* Data records
******

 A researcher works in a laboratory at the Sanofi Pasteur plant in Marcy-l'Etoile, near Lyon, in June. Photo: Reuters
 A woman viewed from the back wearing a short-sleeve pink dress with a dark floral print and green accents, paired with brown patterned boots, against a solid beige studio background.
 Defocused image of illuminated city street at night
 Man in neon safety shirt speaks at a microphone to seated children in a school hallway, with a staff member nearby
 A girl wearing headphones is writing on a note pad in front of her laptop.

******

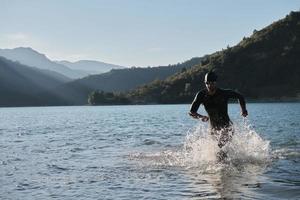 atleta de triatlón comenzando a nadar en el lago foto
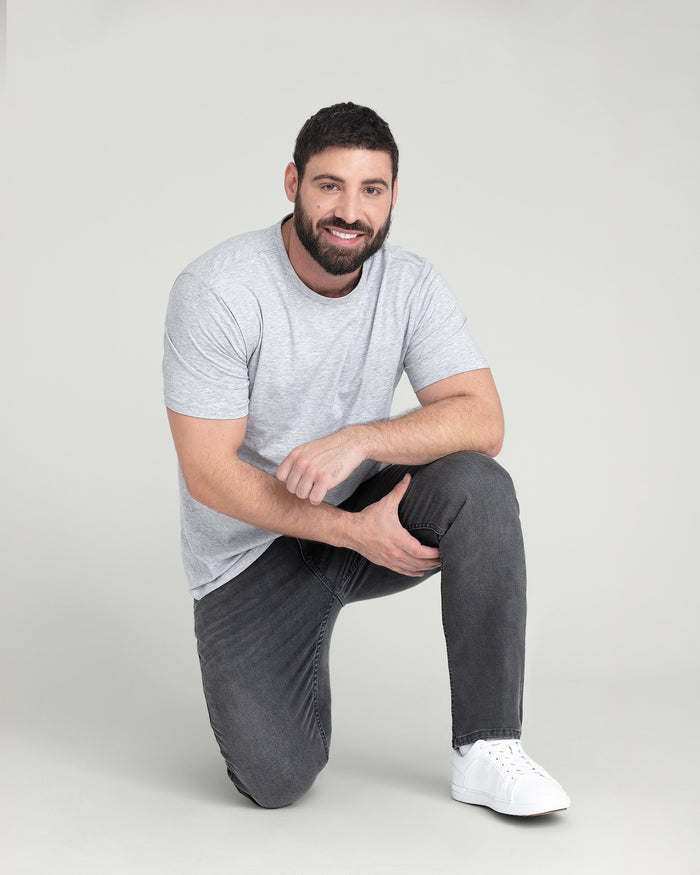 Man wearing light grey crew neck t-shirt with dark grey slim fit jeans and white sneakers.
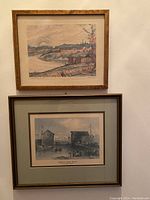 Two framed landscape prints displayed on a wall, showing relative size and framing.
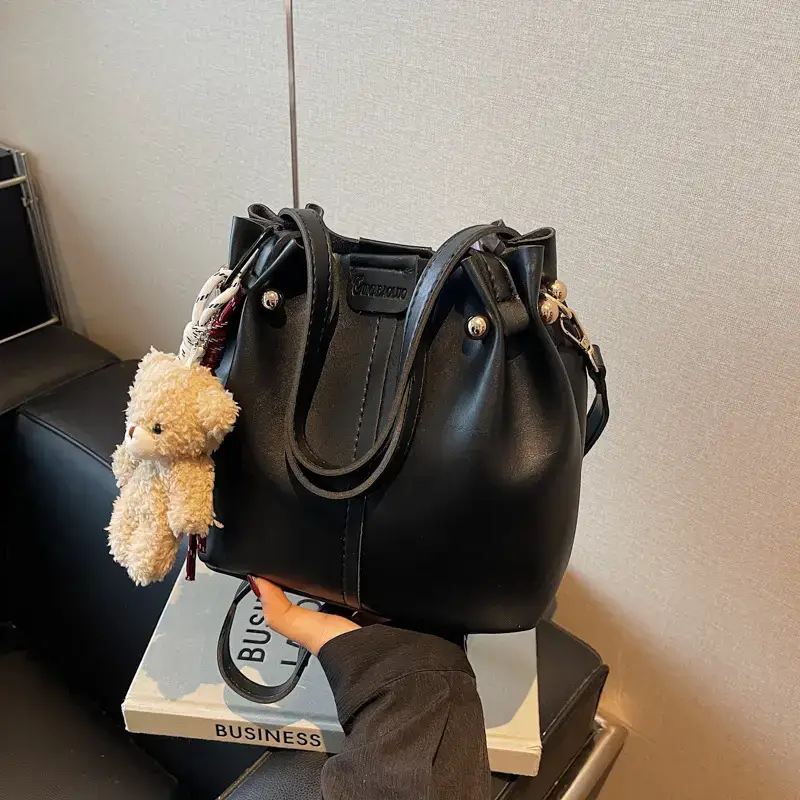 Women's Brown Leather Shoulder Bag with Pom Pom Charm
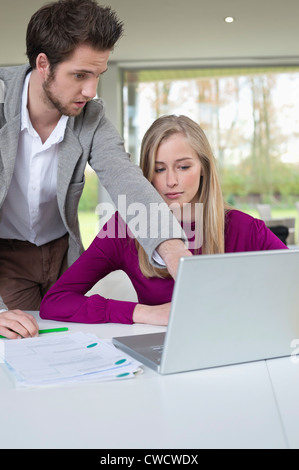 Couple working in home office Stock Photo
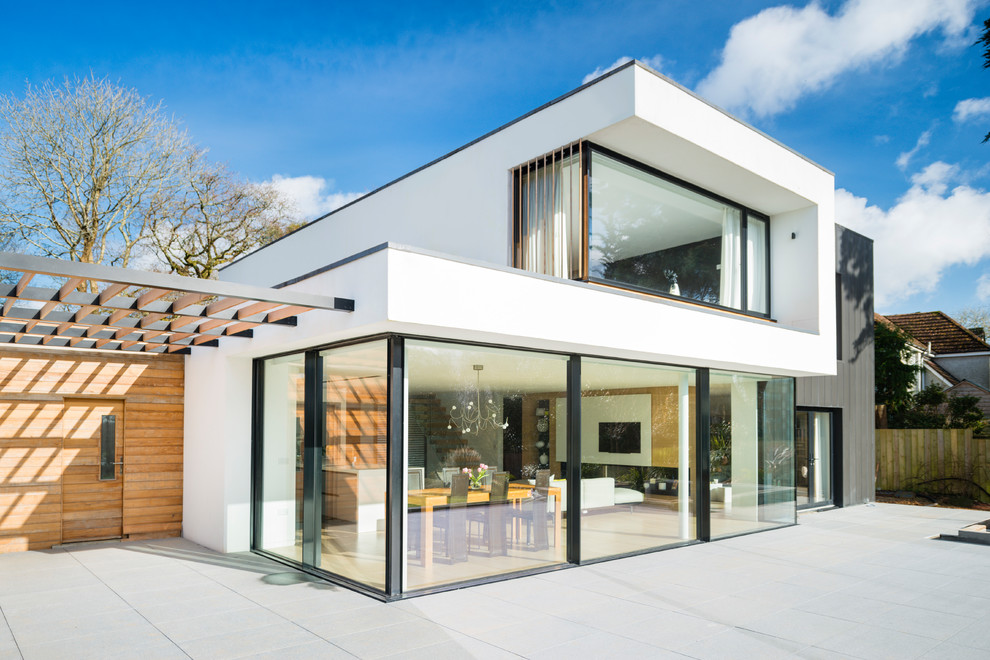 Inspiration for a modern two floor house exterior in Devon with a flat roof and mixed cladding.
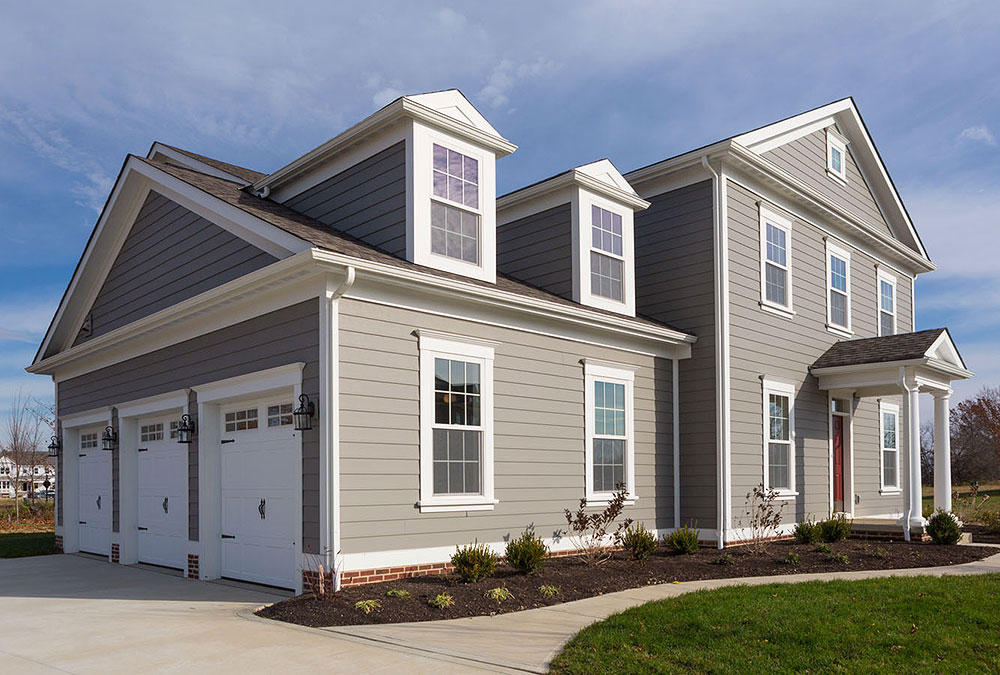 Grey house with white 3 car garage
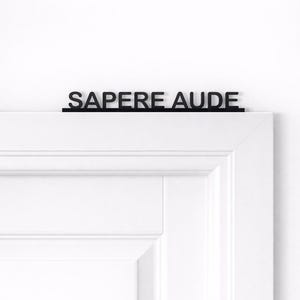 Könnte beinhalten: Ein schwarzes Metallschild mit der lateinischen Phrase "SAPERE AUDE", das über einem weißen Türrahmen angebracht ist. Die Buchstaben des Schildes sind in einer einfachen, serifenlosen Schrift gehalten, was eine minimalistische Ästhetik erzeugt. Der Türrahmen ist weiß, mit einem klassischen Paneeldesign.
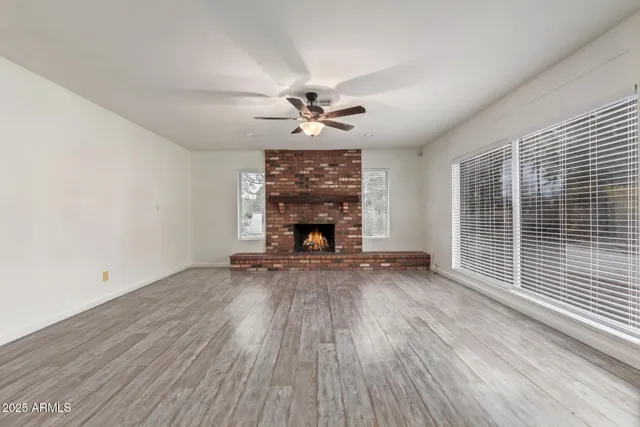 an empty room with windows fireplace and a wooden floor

******

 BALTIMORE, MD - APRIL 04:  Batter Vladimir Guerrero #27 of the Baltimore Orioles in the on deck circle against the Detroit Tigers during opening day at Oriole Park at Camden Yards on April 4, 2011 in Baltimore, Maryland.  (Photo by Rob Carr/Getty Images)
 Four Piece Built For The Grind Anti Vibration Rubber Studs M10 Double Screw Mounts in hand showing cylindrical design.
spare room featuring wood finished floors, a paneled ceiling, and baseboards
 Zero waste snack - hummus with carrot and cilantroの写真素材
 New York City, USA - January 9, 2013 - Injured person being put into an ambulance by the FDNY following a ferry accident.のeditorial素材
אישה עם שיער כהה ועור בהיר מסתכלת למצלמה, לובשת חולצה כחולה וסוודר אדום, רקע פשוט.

******

* Your objective
What you give back must be the stretch above, starting at the line with "A researcher works" and ending at the line with "A girl wearing", copied exactly.

* Result for this task
 A researcher works in a laboratory at the Sanofi Pasteur plant in Marcy-l'Etoile, near Lyon, in June. Photo: Reuters
 A woman viewed from the back wearing a short-sleeve pink dress with a dark floral print and green accents, paired with brown patterned boots, against a solid beige studio background.
 Defocused image of illuminated city street at night
 Man in neon safety shirt speaks at a microphone to seated children in a school hallway, with a staff member nearby
 A girl wearing headphones is writing on a note pad in front of her laptop.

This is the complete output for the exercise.